He touched you like he meant it. Like every brush of his fingers was a promise he didn’t say out loud. Like he already knew the map of your body before you ever let him see it.
And the way he talked—God, the way he talked. Those words sank straight into you, soft and lethal at the same time. You never believed words could make a home in your ribs, but his did. They curled up inside you, warm and dangerous.
And now what? Now it was done. Just like that—done. No explosion, no fight, no reason that made any sense. Just a sentence thrown into the air and everything inside you collapsing under its weight.
Months. It had been months of I love you’s whispered like secrets you thought were safe. Months of his hands in your hair, his lips on yours, midnight roads and music low enough that you could hear him breathe. Months of believing him. Believing all of it.

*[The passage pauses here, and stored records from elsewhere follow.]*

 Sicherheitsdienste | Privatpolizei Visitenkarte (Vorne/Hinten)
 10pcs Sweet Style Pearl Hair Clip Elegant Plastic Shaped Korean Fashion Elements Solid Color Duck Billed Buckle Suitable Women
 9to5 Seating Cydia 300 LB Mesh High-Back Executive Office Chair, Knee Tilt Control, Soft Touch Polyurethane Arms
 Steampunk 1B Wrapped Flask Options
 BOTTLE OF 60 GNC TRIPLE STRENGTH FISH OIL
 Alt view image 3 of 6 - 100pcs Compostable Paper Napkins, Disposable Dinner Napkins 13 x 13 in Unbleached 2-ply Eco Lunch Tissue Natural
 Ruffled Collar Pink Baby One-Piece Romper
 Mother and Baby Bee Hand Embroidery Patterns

And then he looked at you—so calm, so sure— and said,“I don’t want a relationship.”
As if you hadn’t been loving him in every way a person can be loved. As if what you had was something small enough to just shrug off.
It shattered you. Not in half. In millions of tiny pieces that didn’t even look like you anymore. But all you managed to say was, “Okay.” That stupid, quiet okay— followed by a smile you forced into place, a joke you didn’t feel, a nod that tasted like betrayal.
And the weeks after? You drowned. Not dramatically, not loudly—but in that quiet way where no one notices until you’re already at the bottom.
You barely left your room. Barely ate. Barely recognized the girl staring back at you in the mirror. And the worst part?
He didn’t care.
He moved on like love was something people replace, like you were something he misplaced and didn’t bother looking for.
There was another girl—of course there was. Because that’s how it goes when someone gets tangled up with him. He never needed time. He needed attention. He needed a body to hold and a mouth to kiss, something warm, something easy, something that wasn’t you anymore.
And it didn’t matter how much you hurt. It didn’t matter that he had once held your face like it was something holy. He moved on.